I'm going to get some dataframe which downloaded from SQL server. I tried to add queue, but seems it takes too long time to "put" and "get" data with queue, coding as below.

    def data(q):
        conn = cx_Oracle.connect("*", "*","*", encoding="UTF-8")
        cursor = conn.cursor()
        sql = cursor.execute("select * from * I where I.DATE between sysdate - 4 and sysdate - 3")
        table = cursor.fetchall()
        col = [x[0] for x in cursor.description] 
        df_I = pd.DataFrame(table, columns=col)
        q.put(df_IQDC2)
    
    if __name__ == '__main__':
    
        q = multiprocessing.Queue()
        one_process = multiprocessing.Process(target=data, args=(q,))
    
        one_process.start()
        one_process.join()
    
        df_I = q.get()

data(q) function used to put dataframe into queue, and try to get dataframe from q in parent process, but failed--it takes too long time. Do you have any good idea? thank you in advance.

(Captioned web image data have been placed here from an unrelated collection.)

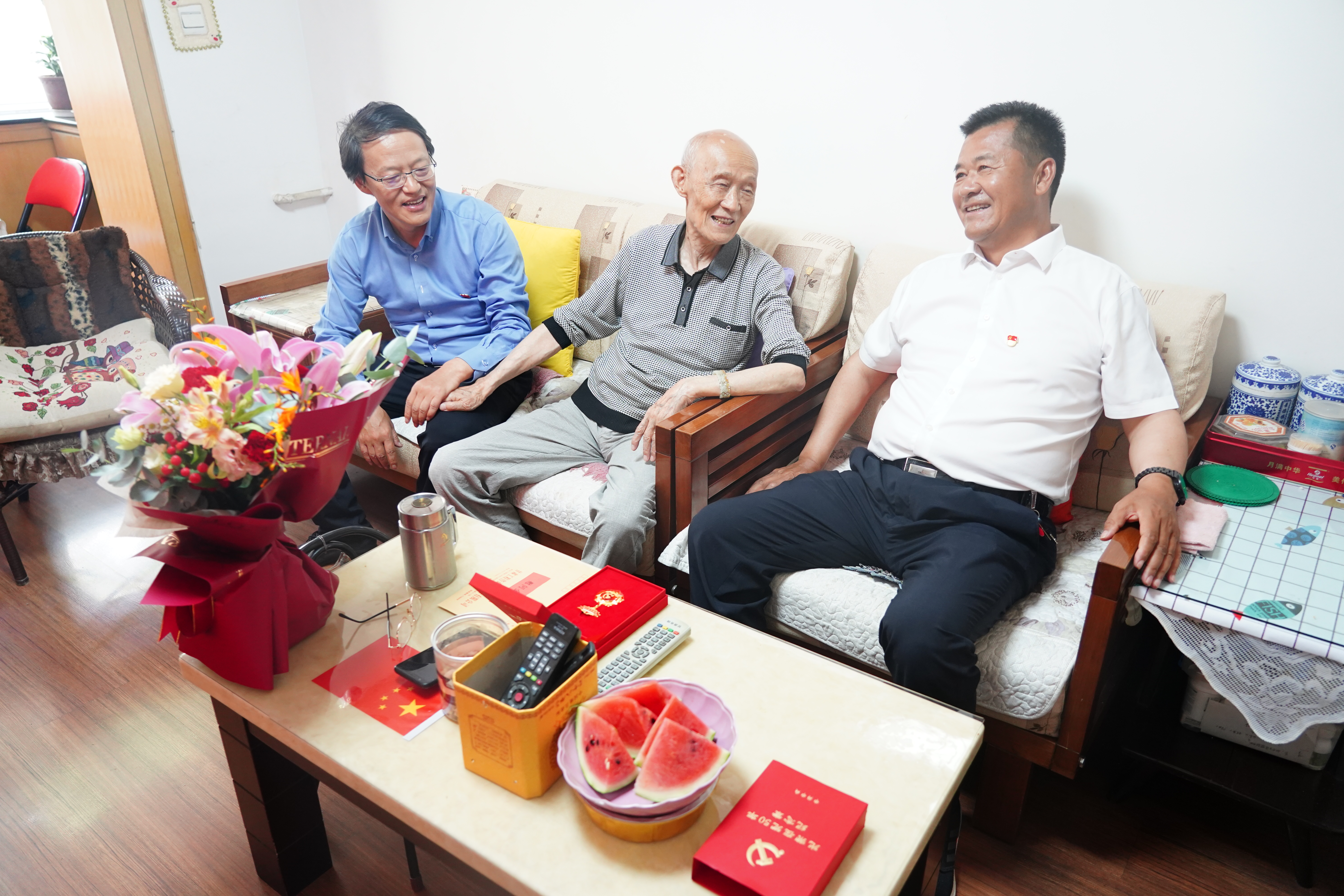 乐动·官方端网站在线开展“七一”走访慰问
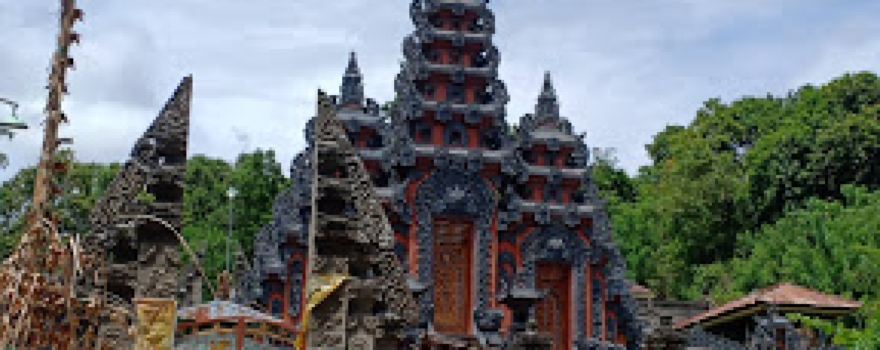 Pura Puseh Mandala Giri Desa Sari Murni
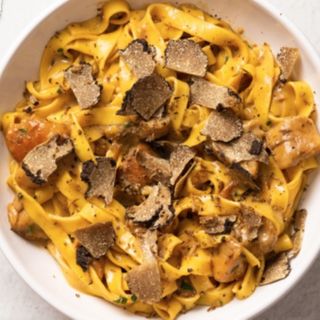 Прясна паста с диви гъби и черен трюфел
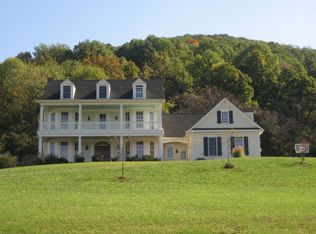 555 Rocks Farm Dr, Charlottesville, VA 22903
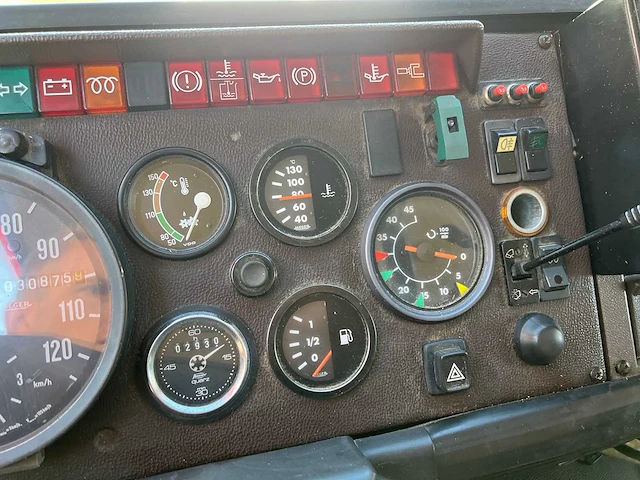Renault - js00b1 - vrachtwagen - 1985 - afbeelding 5 van  40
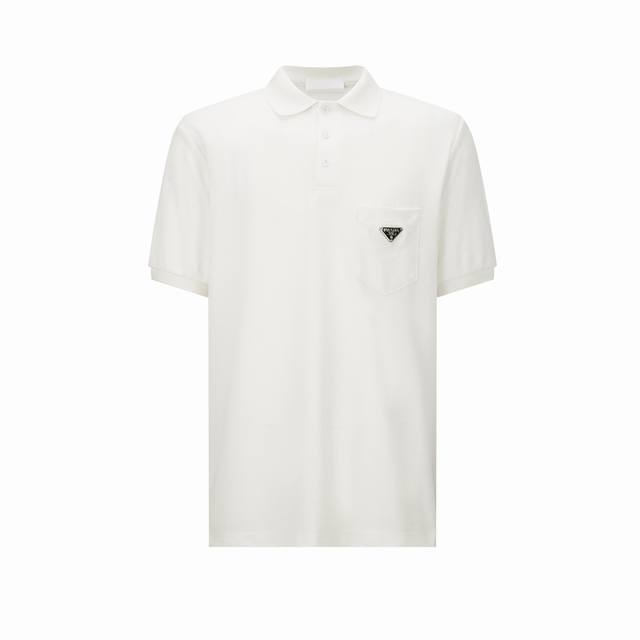 原版开发 顶级版本』 Prada 口袋钢标Polo衫 面料：采用60支柔棉双股珠地 . 螺纹：采用1*1丝光棉. 工艺：普洗 固定衣服版型 增加衣服手感. 做工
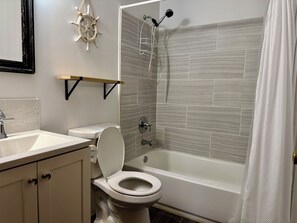 Secadora de cabello, toallas, jabón, papel de baño 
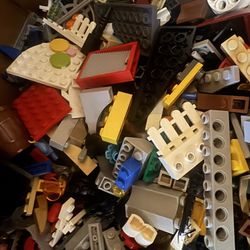 Huge Lot Of Legos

CodePudding user response：

Your example, which I presume (at least I hope) is just a simplification of what you are really want to accomplish, as presented cannot achieve any performance improvement because you are not effectively doing any multiprocessing. This is because although your main process creates a subprocess, it then immediately blocks until that subprocess finishes and returns its result and thus there is no parallel computing occurring. All you have accomplished is to add additional overhead by creating a new process and having to transmit data from one address space to another.

So a real use case for multiprocessing/multithreading would, for example, involve the situation where you had to do multiple queries with each one needing to produce a dataframe from the results. If we were to analyze what is involved in that situation there is the query itself followed by the creation of the dataframe. Since there is the aforementioned overhead in creating new processes and returning data across processes' address spaces, my approach would be to use multithreading for the query, which should work nicely since the issues with competition between threads for the Global Interpreter Lock should not apply since the query task will mostly be in a network wait state. You could then return the results of the query back to the main thread (there is now no inter-process transfer required) and have the main thread do the CPU work of creating the dataframes from the returned data or more simply have the same worker function build the dataframe from the results and return the completed dataframe. In the latter case, depending on whether pandas releases the Global Interpreter Lock or not, you may not achieve any level of parallel processing in building the dataframes, but you will not be doing any worse than having the main process build the dataframes.

In the worst-case scenario where pandas does not release the Global Interpreter Lock, it is true that you will not be doing the more CPU-intensive work, i.e. the creation of the dataframes, in parallel for which multiprocessing would suggest itself as the solution. But the overhead of multiprocessing only becomes worthwhile when the amount of CPU processing for each task is great enough that what is gained by parallel computing offsets what is lost by the additional overhead. I don't believe that would be the case in this particular situation.

So the following is example code using a multithreading pool for the case where you had two queries to create two dataframes:

from multiprocessing.pool import ThreadPool

def do_query(query):
    conn = cx_Oracle.connect("*", "*","*", encoding="UTF-8")
    cursor = conn.cursor()
    sql = cursor.execute(query)
    table = cursor.fetchall()
    col = [x[0] for x in cursor.description] 
    return pd.DataFrame(table, columns=col)
   
if __name__ == '__main__':
    queries = [
        "select * from I where I.DATE between sysdate - 4 and sysdate - 3",
        "select * from I where I.DATE between sysdate - 5 and sysdate - 4"
    ]
    pool = ThreadPool(len(queries))
    dataframes = pool.map(do_query, queries)
    pool.close()
    pool.join()

It's still not clear whether the above would increase performance over serial code running two successive queries; it would depend on the complexity (running time) of the queries themselves.